## The data:
Segment Open

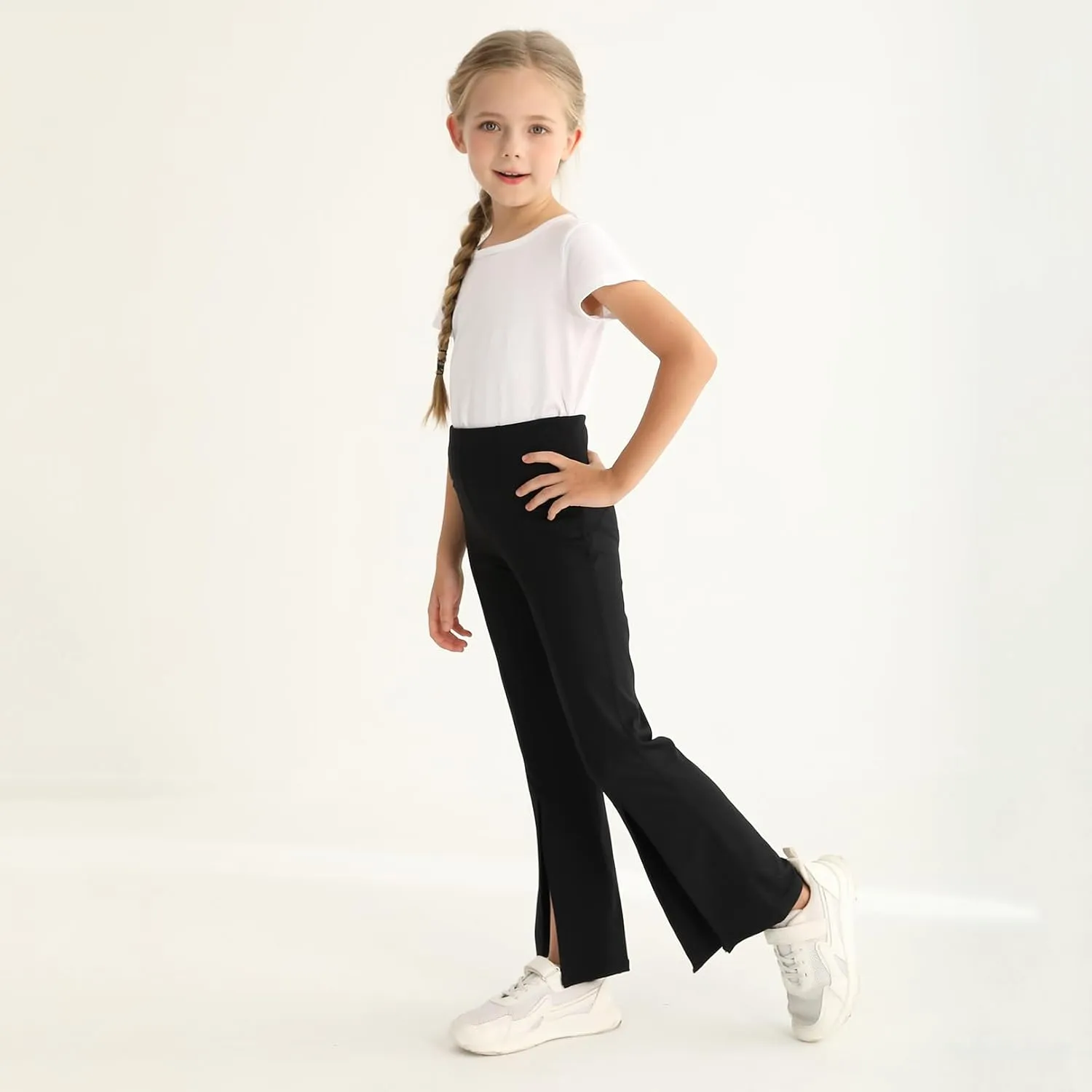 Girls Flare Leggings High Waisted Bootcut Yoga Pants Workout Stretch Bell Bottoms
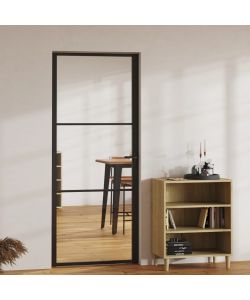 Porta da Interno ESG Vetro e Alluminio 83x201,5 cm Nera 151199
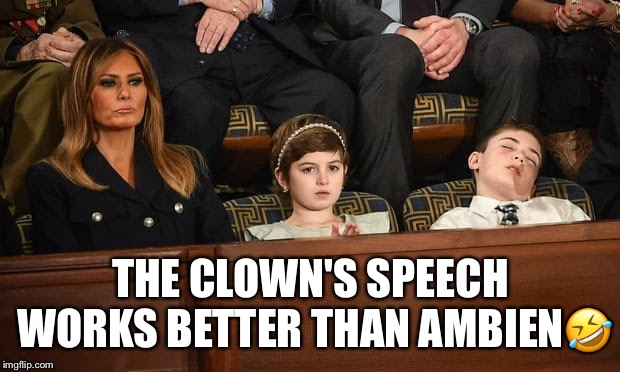 Trump’s SOTUS | THE CLOWN'S SPEECH WORKS BETTER THAN AMBIEN🤣 | image tagged in donald trump,clown,sotus,lol,ambien,sleeping | made w/ Imgflip meme maker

Segment Closed

## What needs to be done:
Please repeat each line above exactly as it appears, but omit the pictures.

## Solution to this problem:
 Girls Flare Leggings High Waisted Bootcut Yoga Pants Workout Stretch Bell Bottoms
 Porta da Interno ESG Vetro e Alluminio 83x201,5 cm Nera 151199
 Trump’s SOTUS | THE CLOWN'S SPEECH WORKS BETTER THAN AMBIEN🤣 | image tagged in donald trump,clown,sotus,lol,ambien,sleeping | made w/ Imgflip meme maker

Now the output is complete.